Endpoint type (Type 1 / Type 2):

• Type 1 endpoint: private or assigned device, usually tied to a single primary user.

• Type 2 endpoint: shared workstation used by many users. Allows for fast-user switching through EAM.

Entra ID: Microsoft cloud identity directory (formerly Azure AD). Used for SSO as an Identity Provider.

EPCS provider: A prescriber who needs EPCS authentication.

Host: The organization that runs the Epic instance.

Host-shared application virtualization: Hyperdrive is published from the host-managed virtualization environment shared by host and ECC site users.
Used when: the host centralizes virtualization operations and standardizes delivery.

Hosted Infrastructure as a Service (IaaS): Systems running in cloud (not on local hardware).

Hyperdrive (Epic Hyperdrive): Epic’s client application used to access Epic Hyperspace Web.

Identity Provider (IdP): System that authenticates the user and issues SAML and OIDC assertions.

Local install (Hyperdrive): Hyperdrive runs on the endpoint, not in a published session.

LDAP: Method for Imprivata Connector to authenticate user into Epic Hyperdrive.

Multifactor Authentication (MFA): Requires at least two or more distinct credentials (e.g. password, biometric, one-time password, PIN)

Named user: Person-specific account used for access and audit (not a shared/generic account).

Non-LDAP (Epic non-LDAP in EAM): Method for Imprivata Connector to authenticate user into Epic Hyperdrive when Epic username is different than the EAM username. Epic credentials must be captured from the user.

OpenID Connect (OIDC): Token-based authentication on OAuth 2.0. Typically used for EPCS workflows.
Published application: Hyperdrive is delivered through application virtualization and runs on a session host.

Published application: Application installed on a centralized remote server.

Reauthentication: Security process of requiring a user to authenticate again during an active session for higher-risk actions (e.g. Imprivata Clinical Workflows).

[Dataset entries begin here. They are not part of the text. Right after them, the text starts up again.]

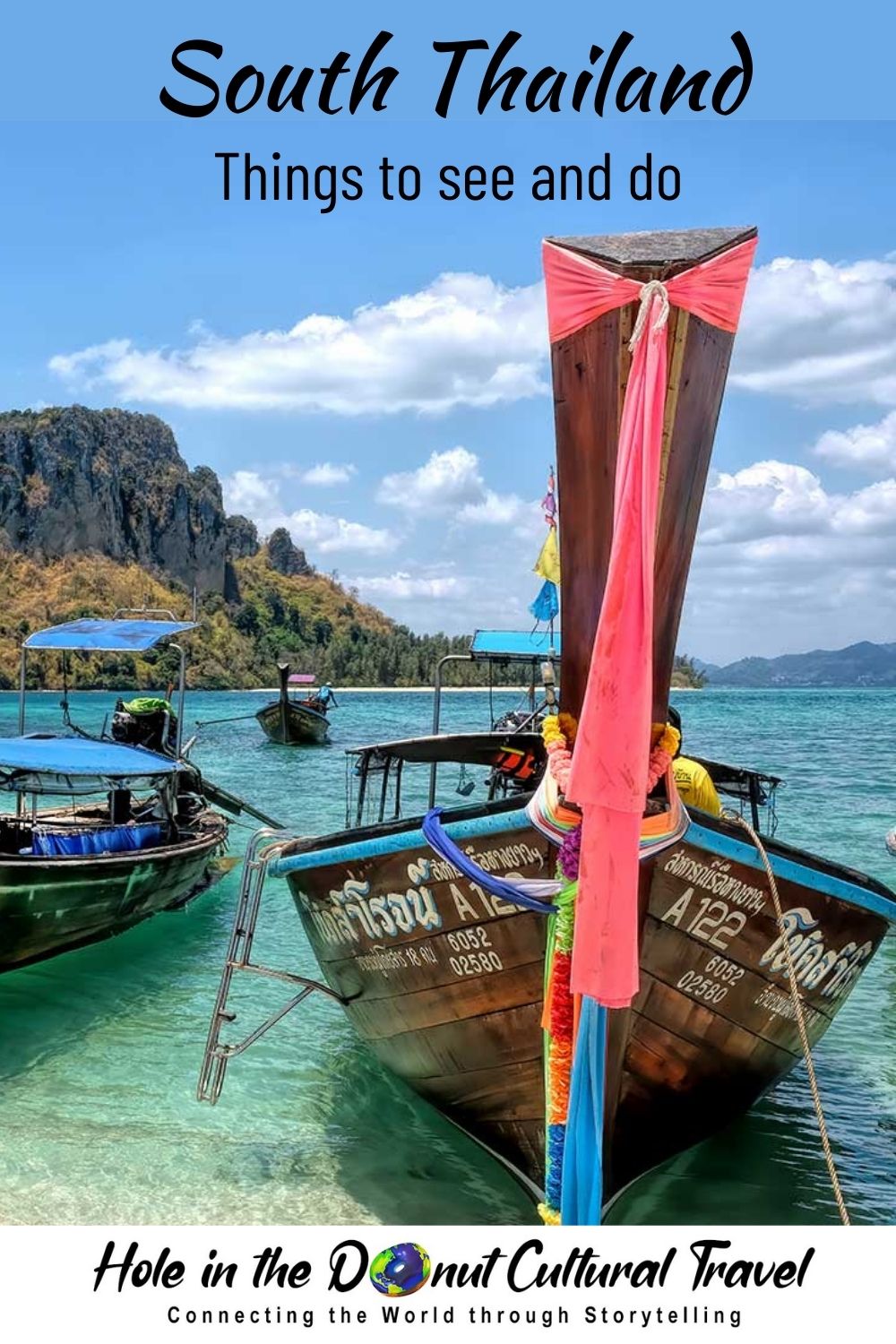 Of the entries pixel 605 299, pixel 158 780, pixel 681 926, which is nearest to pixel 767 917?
pixel 681 926

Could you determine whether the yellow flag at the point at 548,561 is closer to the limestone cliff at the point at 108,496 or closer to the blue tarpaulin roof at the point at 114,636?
the blue tarpaulin roof at the point at 114,636

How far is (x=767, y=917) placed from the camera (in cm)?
531

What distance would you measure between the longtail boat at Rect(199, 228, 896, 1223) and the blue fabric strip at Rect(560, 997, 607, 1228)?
11mm

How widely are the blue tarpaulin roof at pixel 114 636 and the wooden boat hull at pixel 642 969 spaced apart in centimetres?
746

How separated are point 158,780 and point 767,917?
28.4ft

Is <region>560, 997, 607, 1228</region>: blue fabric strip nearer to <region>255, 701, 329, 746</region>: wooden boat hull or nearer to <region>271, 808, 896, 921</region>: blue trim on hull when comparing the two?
<region>271, 808, 896, 921</region>: blue trim on hull

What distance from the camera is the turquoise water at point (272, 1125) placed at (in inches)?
235

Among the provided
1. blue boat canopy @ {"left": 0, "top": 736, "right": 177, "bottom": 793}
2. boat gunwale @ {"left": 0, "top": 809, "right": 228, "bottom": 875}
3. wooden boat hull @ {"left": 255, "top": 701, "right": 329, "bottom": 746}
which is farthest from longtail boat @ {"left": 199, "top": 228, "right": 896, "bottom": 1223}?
wooden boat hull @ {"left": 255, "top": 701, "right": 329, "bottom": 746}

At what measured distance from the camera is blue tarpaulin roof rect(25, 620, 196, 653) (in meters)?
12.9

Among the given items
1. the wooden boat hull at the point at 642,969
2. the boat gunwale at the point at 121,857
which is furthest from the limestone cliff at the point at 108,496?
the wooden boat hull at the point at 642,969
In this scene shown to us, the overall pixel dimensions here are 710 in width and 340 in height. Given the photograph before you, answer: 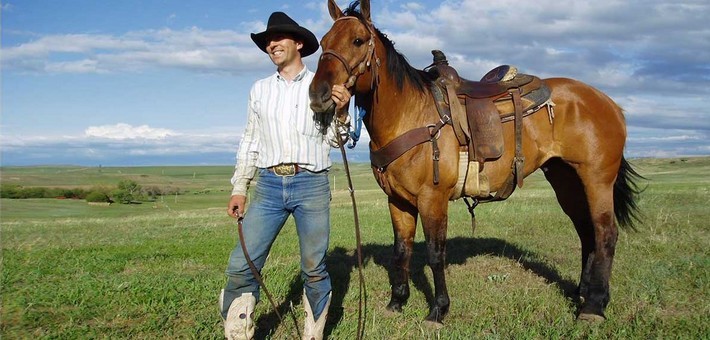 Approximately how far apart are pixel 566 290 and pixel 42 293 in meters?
5.77

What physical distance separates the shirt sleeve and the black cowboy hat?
0.40m

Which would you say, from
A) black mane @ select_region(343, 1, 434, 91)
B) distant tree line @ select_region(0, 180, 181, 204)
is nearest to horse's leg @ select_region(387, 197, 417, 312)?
black mane @ select_region(343, 1, 434, 91)

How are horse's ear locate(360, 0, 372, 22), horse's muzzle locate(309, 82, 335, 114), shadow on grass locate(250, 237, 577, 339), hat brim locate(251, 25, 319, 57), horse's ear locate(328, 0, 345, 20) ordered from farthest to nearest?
shadow on grass locate(250, 237, 577, 339) → horse's ear locate(328, 0, 345, 20) → horse's ear locate(360, 0, 372, 22) → hat brim locate(251, 25, 319, 57) → horse's muzzle locate(309, 82, 335, 114)

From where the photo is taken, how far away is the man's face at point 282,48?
3879 mm

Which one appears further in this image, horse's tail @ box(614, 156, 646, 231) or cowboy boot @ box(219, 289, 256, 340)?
horse's tail @ box(614, 156, 646, 231)

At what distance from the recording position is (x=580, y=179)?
566 cm

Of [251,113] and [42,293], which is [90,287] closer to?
[42,293]

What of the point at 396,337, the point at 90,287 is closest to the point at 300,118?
the point at 396,337

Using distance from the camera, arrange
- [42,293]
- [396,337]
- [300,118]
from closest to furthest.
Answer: [300,118] < [396,337] < [42,293]

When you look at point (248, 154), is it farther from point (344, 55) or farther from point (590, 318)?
point (590, 318)

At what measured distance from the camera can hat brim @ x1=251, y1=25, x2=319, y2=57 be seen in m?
3.76

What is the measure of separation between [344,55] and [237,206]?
1.43 metres

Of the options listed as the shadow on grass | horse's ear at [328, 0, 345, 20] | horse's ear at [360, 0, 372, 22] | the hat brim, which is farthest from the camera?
the shadow on grass

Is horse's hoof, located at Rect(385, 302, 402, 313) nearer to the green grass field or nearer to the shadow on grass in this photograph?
the green grass field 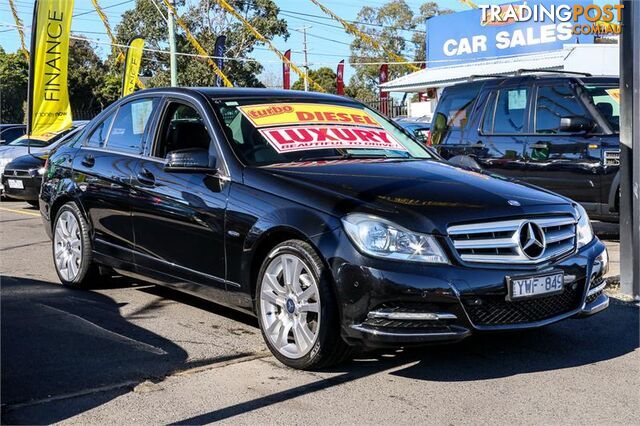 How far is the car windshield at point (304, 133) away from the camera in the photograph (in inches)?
210

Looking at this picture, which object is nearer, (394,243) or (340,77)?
(394,243)

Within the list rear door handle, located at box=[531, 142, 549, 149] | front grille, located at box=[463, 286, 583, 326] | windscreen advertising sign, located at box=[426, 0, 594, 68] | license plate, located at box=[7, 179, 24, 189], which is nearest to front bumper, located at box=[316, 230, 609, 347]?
front grille, located at box=[463, 286, 583, 326]

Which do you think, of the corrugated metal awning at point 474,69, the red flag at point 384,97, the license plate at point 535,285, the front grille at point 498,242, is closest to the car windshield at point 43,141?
the front grille at point 498,242

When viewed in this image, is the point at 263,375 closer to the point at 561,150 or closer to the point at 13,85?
the point at 561,150

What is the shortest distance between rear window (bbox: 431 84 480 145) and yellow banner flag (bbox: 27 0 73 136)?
9.10 meters

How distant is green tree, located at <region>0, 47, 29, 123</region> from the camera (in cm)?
4928

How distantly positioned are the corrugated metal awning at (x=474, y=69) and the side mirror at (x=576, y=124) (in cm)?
1688

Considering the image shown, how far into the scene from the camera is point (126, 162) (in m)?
6.15

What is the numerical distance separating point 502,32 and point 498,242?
27984mm

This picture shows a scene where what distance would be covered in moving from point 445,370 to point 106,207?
10.3ft

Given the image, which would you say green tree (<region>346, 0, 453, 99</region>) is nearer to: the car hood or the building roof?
the building roof

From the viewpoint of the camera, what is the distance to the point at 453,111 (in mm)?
10273

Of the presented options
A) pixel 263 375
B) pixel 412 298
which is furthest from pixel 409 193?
pixel 263 375

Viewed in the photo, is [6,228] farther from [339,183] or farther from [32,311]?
[339,183] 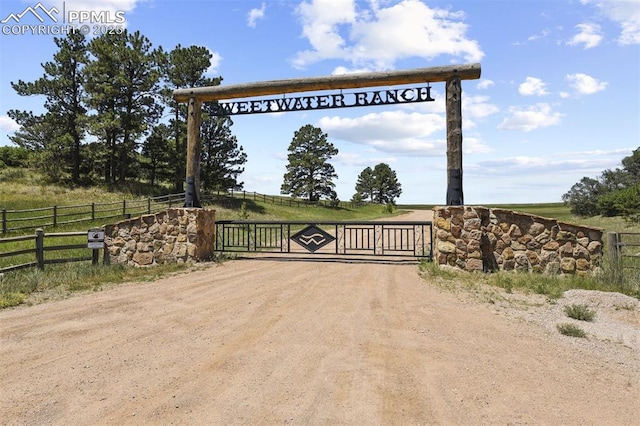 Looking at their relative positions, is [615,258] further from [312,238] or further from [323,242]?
[312,238]

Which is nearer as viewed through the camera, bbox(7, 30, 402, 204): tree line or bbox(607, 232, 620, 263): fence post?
bbox(607, 232, 620, 263): fence post

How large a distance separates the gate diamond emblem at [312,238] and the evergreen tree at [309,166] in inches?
1652

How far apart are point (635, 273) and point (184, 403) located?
31.6ft

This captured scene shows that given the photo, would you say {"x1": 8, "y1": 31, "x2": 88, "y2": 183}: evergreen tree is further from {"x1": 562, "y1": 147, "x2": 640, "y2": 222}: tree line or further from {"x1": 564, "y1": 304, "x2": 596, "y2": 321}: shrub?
{"x1": 562, "y1": 147, "x2": 640, "y2": 222}: tree line

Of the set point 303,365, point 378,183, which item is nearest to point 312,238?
point 303,365

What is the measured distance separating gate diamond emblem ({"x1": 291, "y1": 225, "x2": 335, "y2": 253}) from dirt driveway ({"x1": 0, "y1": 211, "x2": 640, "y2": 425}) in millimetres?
5032

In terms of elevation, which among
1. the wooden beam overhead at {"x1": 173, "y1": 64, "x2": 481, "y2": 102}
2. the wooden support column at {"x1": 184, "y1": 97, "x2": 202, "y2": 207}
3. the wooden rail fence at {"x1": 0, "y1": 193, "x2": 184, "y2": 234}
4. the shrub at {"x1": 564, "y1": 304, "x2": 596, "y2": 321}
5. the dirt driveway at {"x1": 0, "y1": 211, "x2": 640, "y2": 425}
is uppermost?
the wooden beam overhead at {"x1": 173, "y1": 64, "x2": 481, "y2": 102}

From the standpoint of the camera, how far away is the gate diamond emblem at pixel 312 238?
12227 mm

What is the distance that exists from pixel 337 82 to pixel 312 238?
4.94 m

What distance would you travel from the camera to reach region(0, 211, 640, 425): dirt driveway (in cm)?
337

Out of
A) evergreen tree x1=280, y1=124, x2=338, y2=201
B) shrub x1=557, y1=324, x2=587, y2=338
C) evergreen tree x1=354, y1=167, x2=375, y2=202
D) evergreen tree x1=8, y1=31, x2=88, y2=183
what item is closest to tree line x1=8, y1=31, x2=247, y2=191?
evergreen tree x1=8, y1=31, x2=88, y2=183

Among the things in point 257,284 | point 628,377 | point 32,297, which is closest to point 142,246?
point 32,297

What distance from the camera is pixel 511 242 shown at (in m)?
9.41

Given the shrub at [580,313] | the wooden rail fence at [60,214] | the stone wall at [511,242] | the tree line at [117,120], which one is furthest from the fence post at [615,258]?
the tree line at [117,120]
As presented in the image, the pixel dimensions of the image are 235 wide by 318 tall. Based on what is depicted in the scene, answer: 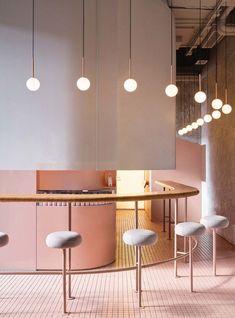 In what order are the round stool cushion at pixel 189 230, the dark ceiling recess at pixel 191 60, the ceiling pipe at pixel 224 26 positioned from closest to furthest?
the round stool cushion at pixel 189 230 < the ceiling pipe at pixel 224 26 < the dark ceiling recess at pixel 191 60

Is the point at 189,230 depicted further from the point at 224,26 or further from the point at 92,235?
the point at 224,26

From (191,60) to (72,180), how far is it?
14.4 feet

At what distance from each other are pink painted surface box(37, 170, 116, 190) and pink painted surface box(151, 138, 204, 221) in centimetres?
279

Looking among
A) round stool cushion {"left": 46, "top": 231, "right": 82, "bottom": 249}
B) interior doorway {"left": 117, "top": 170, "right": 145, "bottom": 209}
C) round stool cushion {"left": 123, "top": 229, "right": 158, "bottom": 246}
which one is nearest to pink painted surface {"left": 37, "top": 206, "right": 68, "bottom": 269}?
round stool cushion {"left": 46, "top": 231, "right": 82, "bottom": 249}

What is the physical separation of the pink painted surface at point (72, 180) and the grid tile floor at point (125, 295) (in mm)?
1813

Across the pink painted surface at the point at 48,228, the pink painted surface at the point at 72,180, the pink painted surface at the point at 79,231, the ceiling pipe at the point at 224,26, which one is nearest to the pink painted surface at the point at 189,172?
the pink painted surface at the point at 72,180

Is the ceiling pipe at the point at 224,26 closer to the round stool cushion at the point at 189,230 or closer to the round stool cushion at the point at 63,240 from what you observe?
the round stool cushion at the point at 189,230

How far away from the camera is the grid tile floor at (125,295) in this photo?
12.0 ft

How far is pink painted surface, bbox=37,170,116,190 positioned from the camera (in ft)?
20.2

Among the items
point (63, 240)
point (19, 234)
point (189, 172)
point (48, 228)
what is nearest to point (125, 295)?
point (63, 240)

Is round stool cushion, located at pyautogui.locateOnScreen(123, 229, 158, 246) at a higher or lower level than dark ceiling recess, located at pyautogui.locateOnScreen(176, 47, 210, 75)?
lower

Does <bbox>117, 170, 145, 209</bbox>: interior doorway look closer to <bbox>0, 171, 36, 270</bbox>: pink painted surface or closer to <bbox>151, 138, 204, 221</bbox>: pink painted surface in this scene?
<bbox>151, 138, 204, 221</bbox>: pink painted surface

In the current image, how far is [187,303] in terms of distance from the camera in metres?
3.88

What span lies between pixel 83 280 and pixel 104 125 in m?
2.23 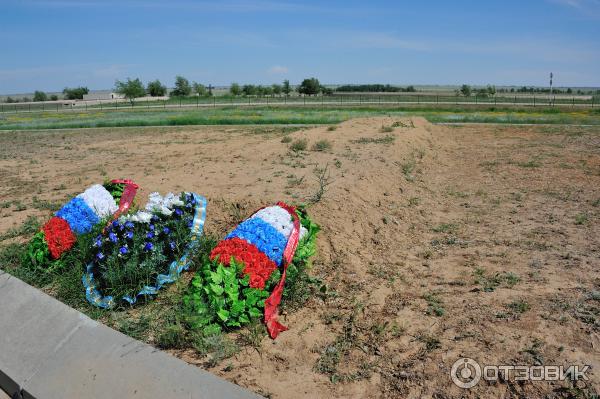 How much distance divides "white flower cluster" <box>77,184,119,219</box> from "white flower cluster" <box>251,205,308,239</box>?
2720 millimetres

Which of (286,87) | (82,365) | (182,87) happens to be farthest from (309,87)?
(82,365)

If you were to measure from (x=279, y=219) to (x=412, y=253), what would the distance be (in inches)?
92.5

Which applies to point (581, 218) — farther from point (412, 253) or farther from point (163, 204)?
point (163, 204)

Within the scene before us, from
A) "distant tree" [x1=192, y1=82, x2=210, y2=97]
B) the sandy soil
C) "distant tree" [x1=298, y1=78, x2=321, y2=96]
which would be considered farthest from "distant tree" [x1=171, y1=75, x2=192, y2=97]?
the sandy soil

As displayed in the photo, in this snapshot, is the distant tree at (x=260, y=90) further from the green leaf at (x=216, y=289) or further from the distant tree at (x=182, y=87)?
the green leaf at (x=216, y=289)

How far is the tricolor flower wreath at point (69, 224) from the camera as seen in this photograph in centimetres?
642

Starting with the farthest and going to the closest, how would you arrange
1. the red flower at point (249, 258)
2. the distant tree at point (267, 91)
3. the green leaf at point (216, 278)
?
the distant tree at point (267, 91) → the red flower at point (249, 258) → the green leaf at point (216, 278)

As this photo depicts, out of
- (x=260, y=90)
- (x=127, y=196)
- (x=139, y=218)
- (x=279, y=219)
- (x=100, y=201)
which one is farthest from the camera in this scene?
(x=260, y=90)

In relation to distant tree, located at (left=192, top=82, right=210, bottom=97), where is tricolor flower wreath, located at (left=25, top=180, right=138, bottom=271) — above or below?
below

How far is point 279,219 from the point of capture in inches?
231

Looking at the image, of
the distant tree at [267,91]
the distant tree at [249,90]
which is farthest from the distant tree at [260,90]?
the distant tree at [249,90]

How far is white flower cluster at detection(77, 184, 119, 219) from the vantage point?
7.03 meters

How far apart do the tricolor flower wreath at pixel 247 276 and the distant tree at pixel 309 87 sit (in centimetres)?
11083

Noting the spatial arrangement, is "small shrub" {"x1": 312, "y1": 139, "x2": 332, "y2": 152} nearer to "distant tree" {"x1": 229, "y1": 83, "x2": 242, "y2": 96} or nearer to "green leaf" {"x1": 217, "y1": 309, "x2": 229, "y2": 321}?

Resource Owner Password Credentials (ROPC): OAuth 2.0 flow where an application collects a username/password and exchanges it for an access token.

SAML: Method for the Imprivata Connector to authenticate user into Epic Hyperdrive through Generic Authentication API.

Service Provider (SP): The application that relies on the Identity Provider. For SAML-based Epic login, Epic is the service provider.

Session host: The server that runs published applications or desktops and hosts the user session.

Single sign-on (SSO): Using an existing authentication event to log into desktops or Epic without retyping credentials.

Slingshot: Locally installed Hyperdrive running in "Slingshot" mode for published Hyperdrive that launches the virtual session and supports SSO configurations.
Used when: Hyperdrive is published through application virtualization, when there are multiple hops and session persistence is needed.

• Calculated password: a generic account and password value is derived or provided to support launching Hyperdrive in a published session.

  Used when: enabling launch configurations where the published session needs a credential to start.

• Interactive: the user completes an interactive authentication step during launch.
  Used when: pass-through or calculated options do not fit the security model.

• Pass-through: an upstream authentication is reused to launch the published session and Hyperdrive.
  Used when: aiming for tap-and-go behavior into published Hyperdrive.

Slingshot Launcher: Imprivata application installed by the Imprivata Connector for Epic Hyperdrive to launch Slingshot passing named credentials for single sign-on.
Used when: Slingshot is not configured for pass-through or calculated password.

Standard user: A user who needs SSO to endpoints and Epic Hyperdrive, but does not need EPCS authentication.

Trust (AD trust): Relationship between AD domains that allows one domain to accept identities from the other. One-way or two-way.
Used when: cross-site users must log into endpoints or session hosts joined to the other domain.

Virtual Desktop Infrastructure (VDI): A virtualized desktop session that users connect to remotely. Often used alongside published application delivery configurations.